* _Your instructions_: Below are entries with pictures in them. Output exactly the lines starting at the line with "Lốp vỏ xe máy" and ending at the line with "Fair Lawn Boro, NJ 07410,22-09 Arcadia Rd", both included, but not the pictures.
------ Task data
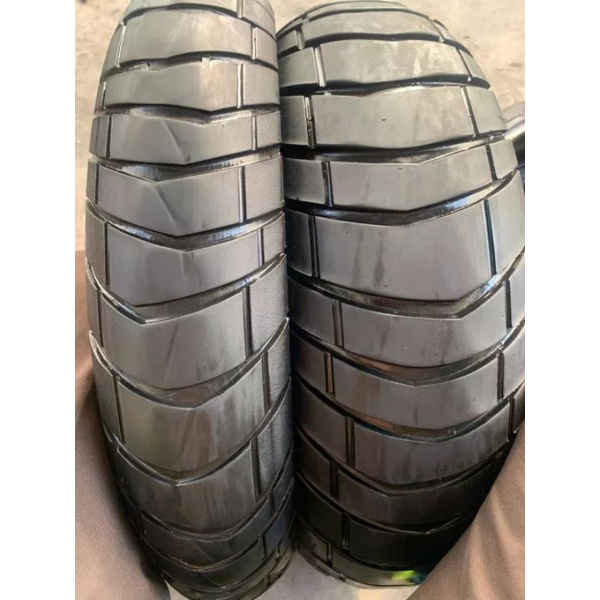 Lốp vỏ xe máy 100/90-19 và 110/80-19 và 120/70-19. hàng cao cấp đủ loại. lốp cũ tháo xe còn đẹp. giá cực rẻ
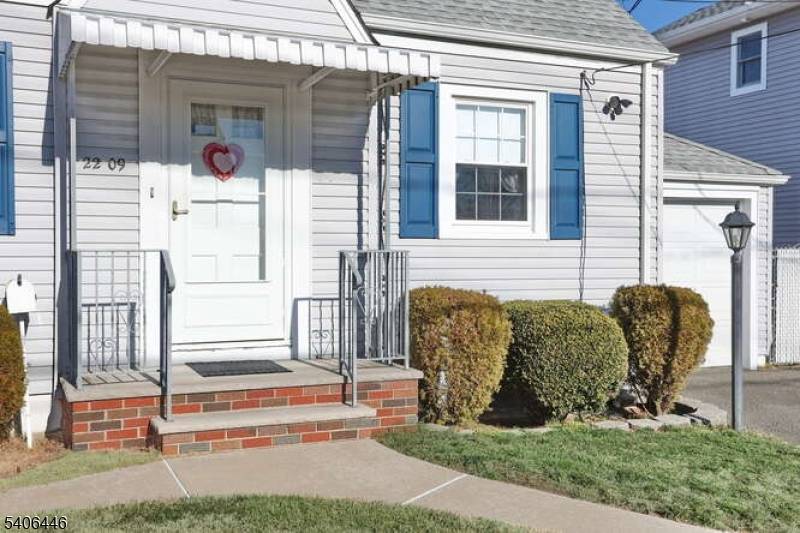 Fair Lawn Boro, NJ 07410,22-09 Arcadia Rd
------------
------ Task data
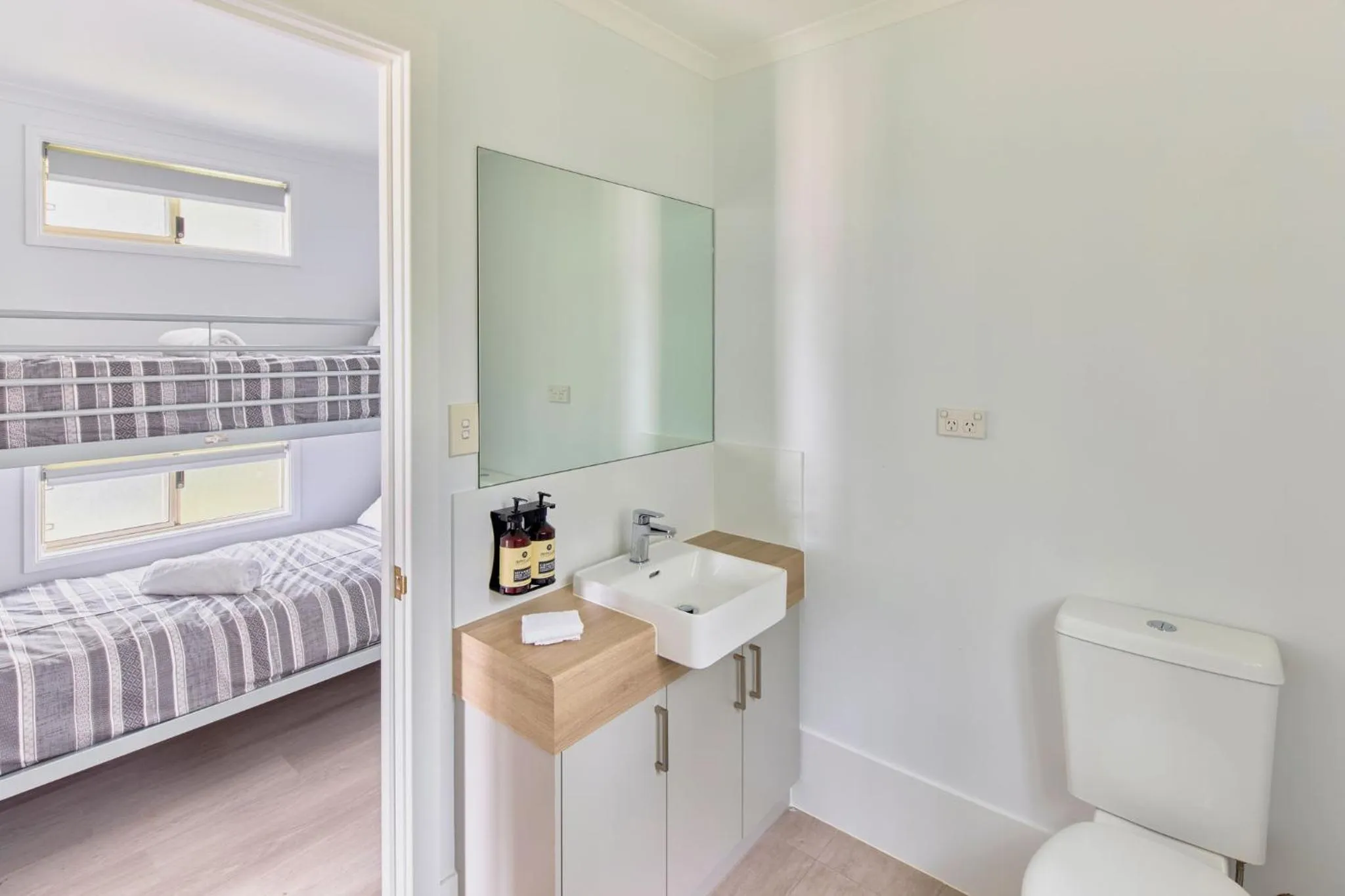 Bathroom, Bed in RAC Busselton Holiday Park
------------
------ Task data
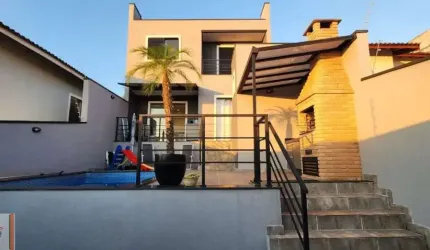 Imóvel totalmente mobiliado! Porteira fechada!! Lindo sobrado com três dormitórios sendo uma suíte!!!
------------
* _Solution to this problem_:
 Lốp vỏ xe máy 100/90-19 và 110/80-19 và 120/70-19. hàng cao cấp đủ loại. lốp cũ tháo xe còn đẹp. giá cực rẻ
 Fair Lawn Boro, NJ 07410,22-09 Arcadia Rd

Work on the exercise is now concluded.